- Gallatin River Ranch Location of Gallatin River Ranch, Montana Gallatin River Ranch Gallatin River Ranch (the United States)
- Coordinates: 45°54′11″N 111°19′46″W﻿ / ﻿45.90306°N 111.32944°W
- Country: United States
- State: Montana
- County: Gallatin

Area
- • Total: 7.12 sq mi (18.43 km^{2})
- • Land: 7.08 sq mi (18.33 km^{2})
- • Water: 0.042 sq mi (0.11 km^{2})
- Elevation: 4,479 ft (1,365 m)

Population (2020)
- • Total: 117
- • Density: 16.5/sq mi (6.38/km^{2})
- Time zone: UTC-7 (Mountain (MST))
- • Summer (DST): UTC-6 (MDT)
- Area code: 406
- FIPS code: 30-01550
- GNIS feature ID: 2583810

= Gallatin River Ranch, Montana =

Gallatin River Ranch is a census-designated place (CDP) in Gallatin County, Montana, United States.

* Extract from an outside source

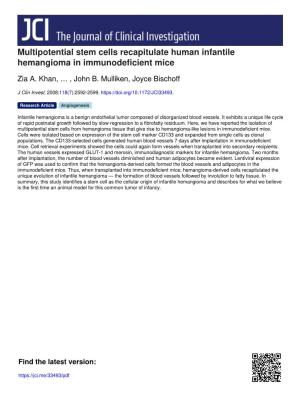 Multipotential Stem Cells Recapitulate Human Infantile Hemangioma in Immunodeficient Mice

As of the 2020 census, Gallatin River Ranch had a population of 117.
==Demographics==

Historical population
| Census | Pop. | Note | %± |
| 2020 | 117 |  | — |
U.S. Decennial Census

==Education==
It is in Manhattan Elementary School District and the Manhattan High School District. The elementary and high school districts are parts of Manhattan Public Schools.